Pay attention to the following key points:

the todo-network was created to make communication between containers possible
the environment value used in the webserver service to refer to the graphite service
the depends_on condition with service_healthy value defined in the webserver service
the ports mapped in the graphite service (you can map only the ones you need)
the healthcheck defined in the graphite service that links to the depends_on condition defined above

Now, let's see if we can overcome the initial issue of being able to test the correct Graphite metrics emission.

The Test Code 🪖

Here, the big player is testcontainers-go. If you're curious and want to learn more about it, take a look at the documentation.

I'm a huge fan of this package, and I believe it's something you must try in your next project. Let's engage in a discussion if you want to find out more about how I use it in my projects.

With this package, I'm able to spawn a fresh new webserver and graphite containers on each test run. This helps to correctly assess metrics. It provides better isolation and control of what's happening with the Graphite container.

The code I used to interact with the Docker containers is contained in the tests/container.go file:

package tests

import (
 "context"
 "os"
 "testing"

 "github.com/stretchr/testify/require"
 tc "github.com/testcontainers/testcontainers-go/modules/compose"
)

func spawnWebServerContainer(t *testing.T) {
 t.Helper()
 os.Setenv("TESTCONTAINERS_RYUK_DISABLED", "true")
 compose, err := tc.NewDockerComposeWith(tc.WithStackFiles("../docker-compose.yml"))
 require.NoError(t, err)
 t.Cleanup(func() {
  require.NoError(t, compose.Down(context.Background(), tc.RemoveOrphans(true), tc.RemoveImagesLocal))
 })
 ctx, cancel := context.WithCancel(context.Background())
 t.Cleanup(cancel)
 err = compose.
  Up(ctx, tc.Wait(true))
 require.NoError(t, err)
}

It uses the docker-compose.yml to spin up the containers we need in our Integration Tests.
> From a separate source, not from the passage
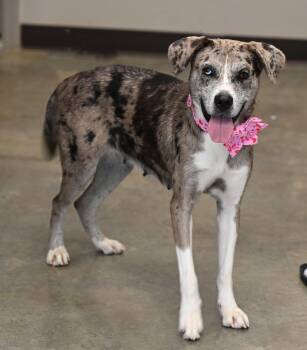 Rescue Catahoula Leopard Dog Dogs for Adoption - Laney | PetCurious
It will also add the cleanup code.

Test the HTTP Handler

The test code for the GetTodoByID handler resides in the tests/get_todo_by_id_test.go file.
An extract of its content is:

func TestGetTodoByID(t *testing.T) {
 spawnWebServerContainer(t)
 client := http.Client{}
 // ... success scenario omitted for brevity
 t.Run("Invalid ID", func(t *testing.T) {
  r, err := http.NewRequestWithContext(context.Background(), http.MethodGet, "http://127.0.0.1:8080/todo?id=abc", nil)
  require.NoError(t, err)
  res, err := client.Do(r)
  require.NoError(t, err)
  require.Equal(t, http.StatusBadRequest, res.StatusCode)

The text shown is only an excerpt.